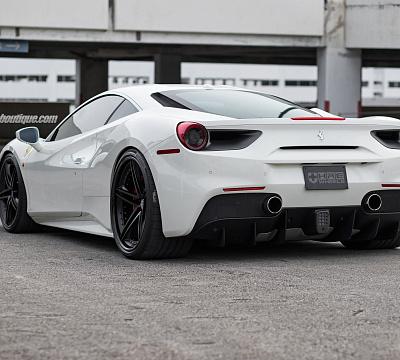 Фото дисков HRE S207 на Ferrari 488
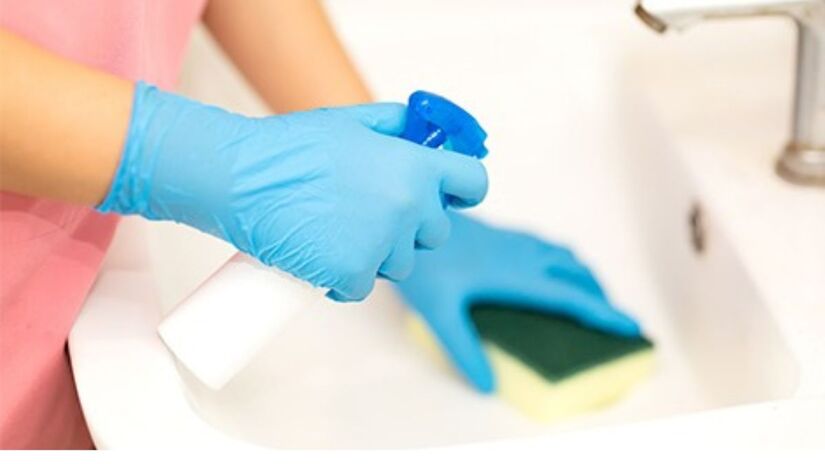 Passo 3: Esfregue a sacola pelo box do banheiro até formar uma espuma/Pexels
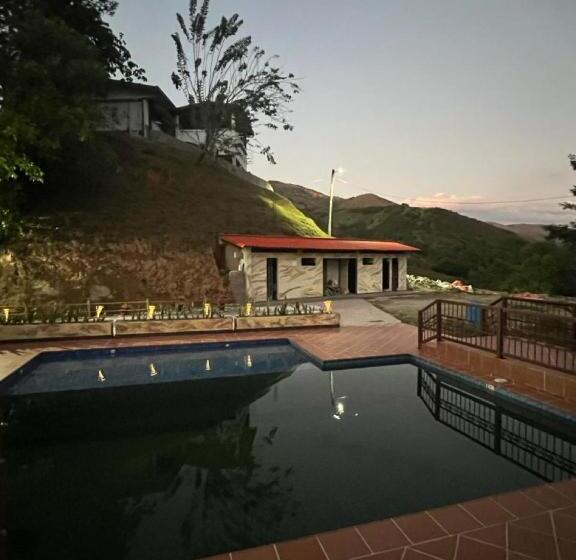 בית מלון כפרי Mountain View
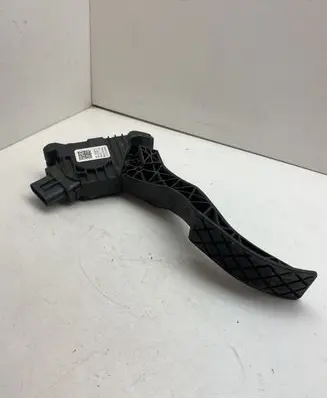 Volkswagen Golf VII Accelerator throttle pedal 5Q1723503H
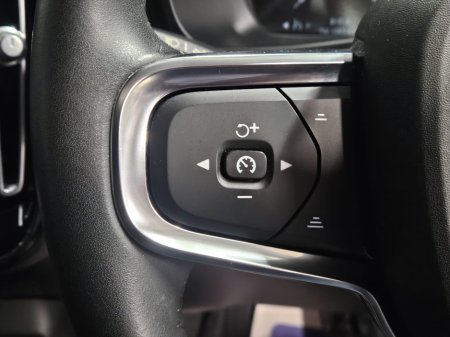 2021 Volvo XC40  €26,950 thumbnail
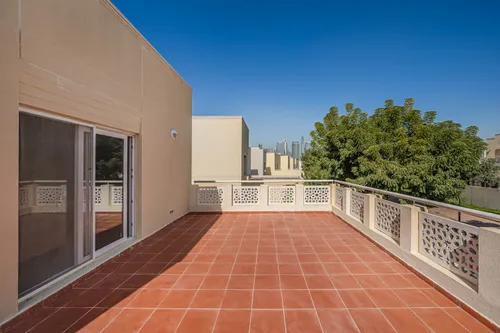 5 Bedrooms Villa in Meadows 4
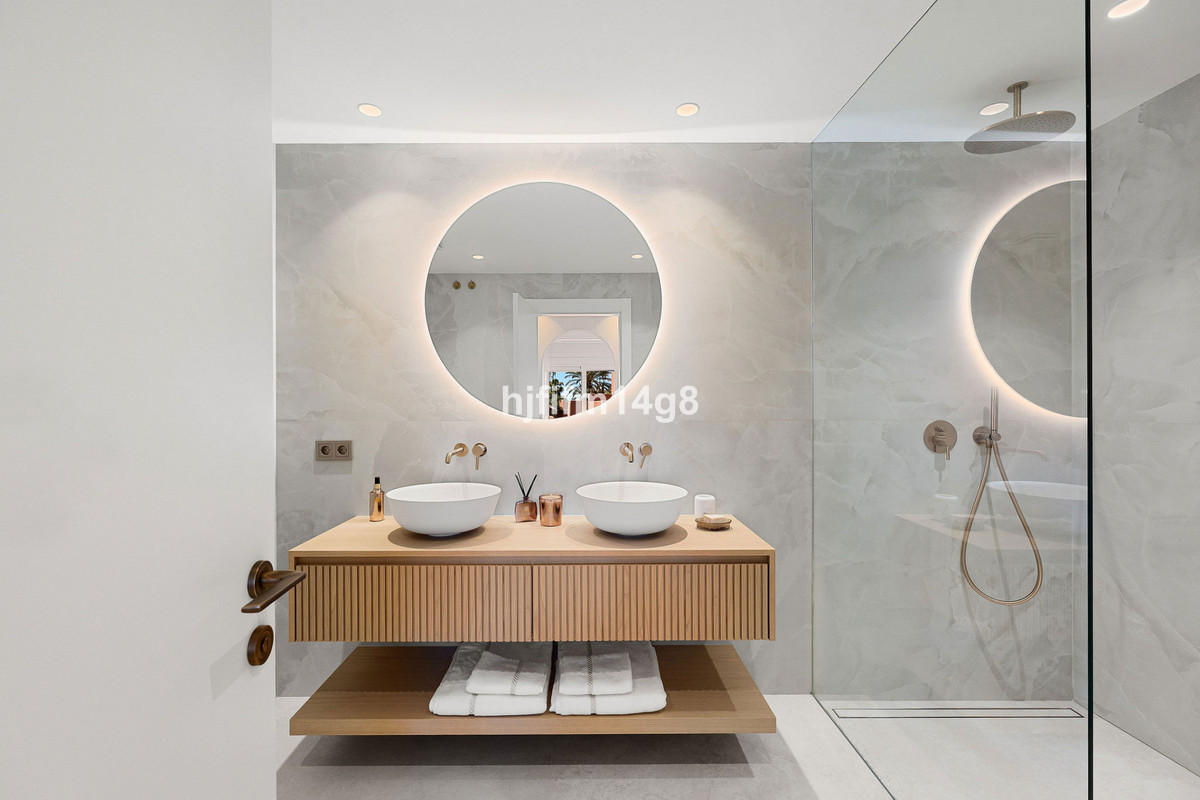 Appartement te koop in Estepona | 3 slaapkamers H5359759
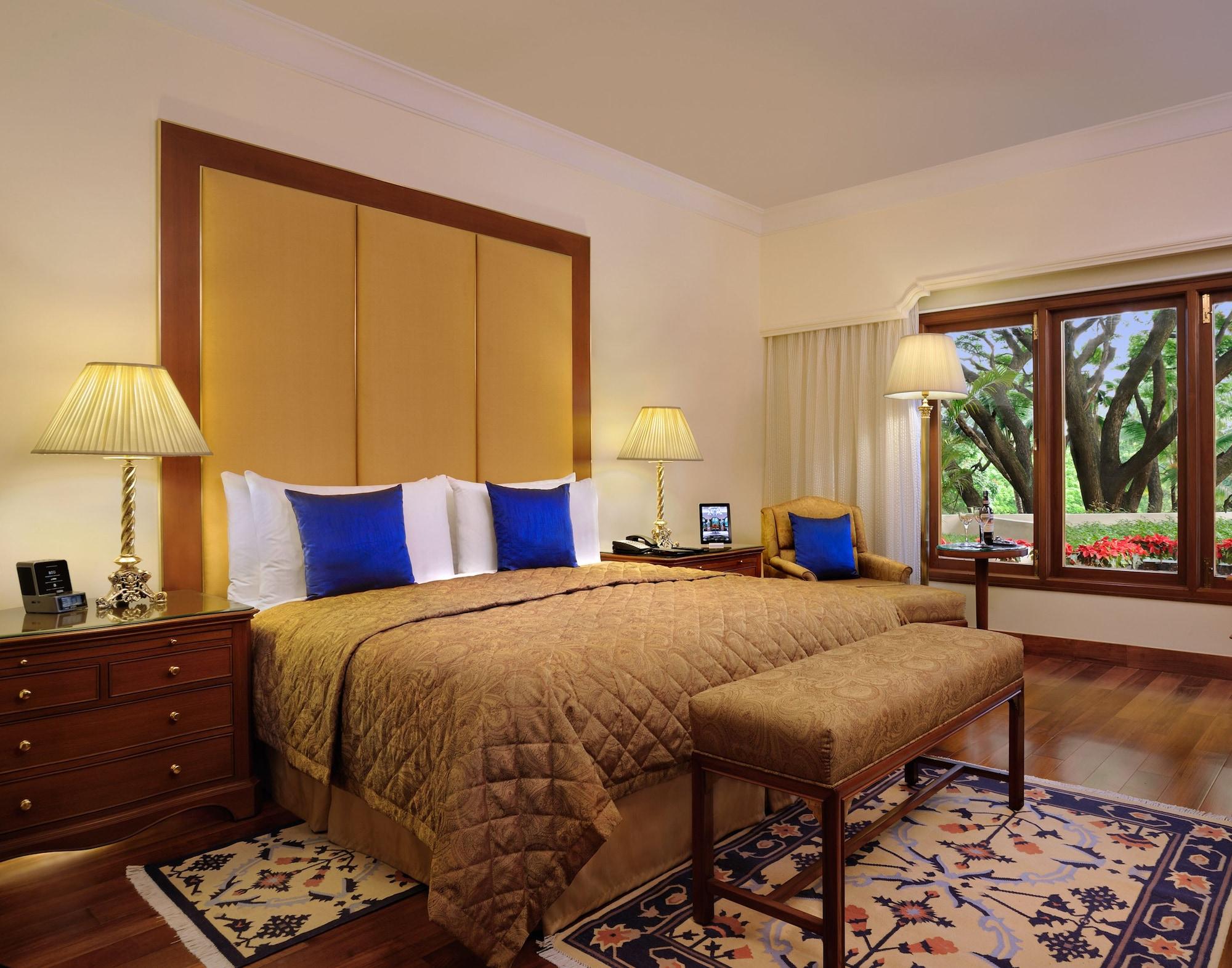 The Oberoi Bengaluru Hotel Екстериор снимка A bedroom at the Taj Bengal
□ □ □ □ □ □ □
## Task to carry out
Could you set down, exactly as written, every line from the one with "Passo 3: Esfregue" to the end of the data, both ends included? Leave out the pictures.

## Task response
 Passo 3: Esfregue a sacola pelo box do banheiro até formar uma espuma/Pexels
 בית מלון כפרי Mountain View
 Volkswagen Golf VII Accelerator throttle pedal 5Q1723503H
 2021 Volvo XC40  €26,950 thumbnail
 5 Bedrooms Villa in Meadows 4
 Appartement te koop in Estepona | 3 slaapkamers H5359759
 The Oberoi Bengaluru Hotel Екстериор снимка A bedroom at the Taj Bengal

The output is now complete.